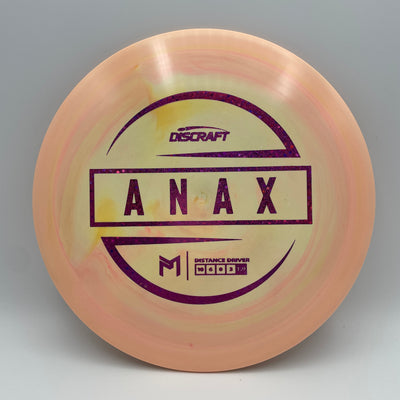 Paul McBeth ESP Anax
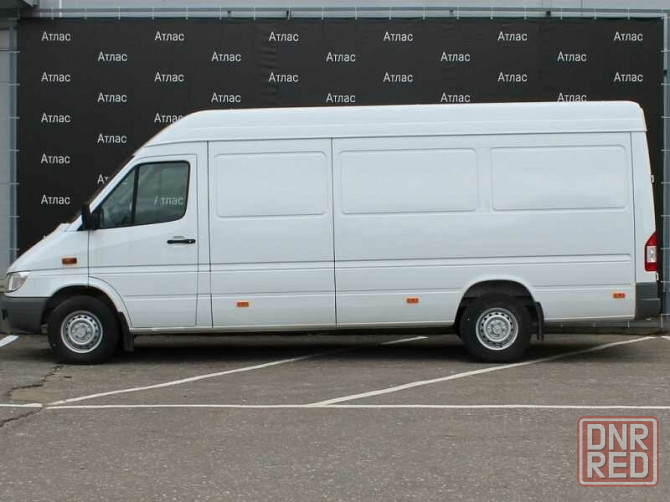 Грузоперевозки днр рф Донецк - изображение 1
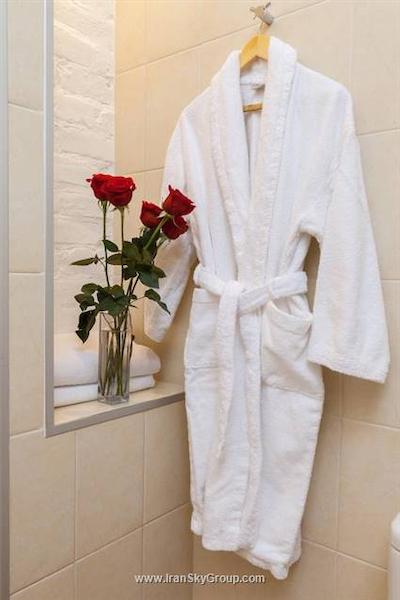 الگرو هتل لیگوسکی پرسپکت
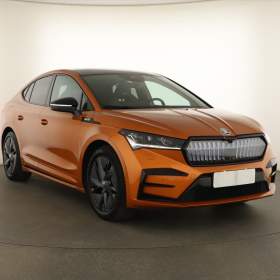 Skoda Enyaq Coupe iV RS (82 kWh) / 19951873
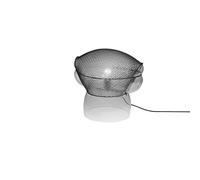 ARTEMIDE lampe de table PATROCLO (Verre soufflé transparent - Verre soufflé, acier)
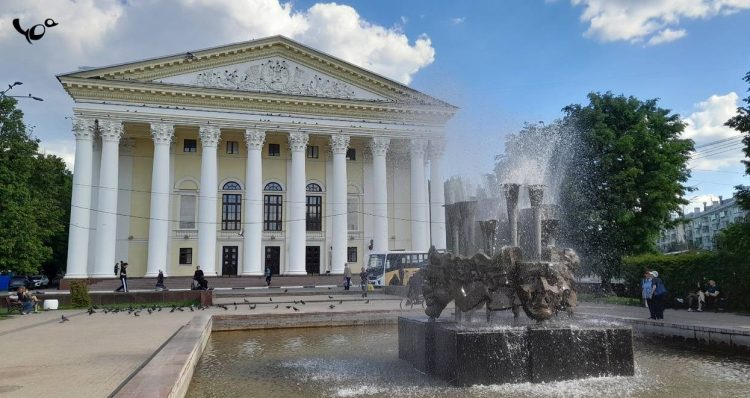 Президенту Путину рассказали, что Рязанская область пользуется огромным спросом у туристов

━━━━

# YOUR OBJECTIVE:
Copy the whole listing exactly, excluding the pictures in it.

# SOLUTION FOR THIS PROBLEM:
 Paul McBeth ESP Anax
 Грузоперевозки днр рф Донецк - изображение 1
 الگرو هتل لیگوسکی پرسپکت
 Skoda Enyaq Coupe iV RS (82 kWh) / 19951873
 ARTEMIDE lampe de table PATROCLO (Verre soufflé transparent - Verre soufflé, acier)
 Президенту Путину рассказали, что Рязанская область пользуется огромным спросом у туристов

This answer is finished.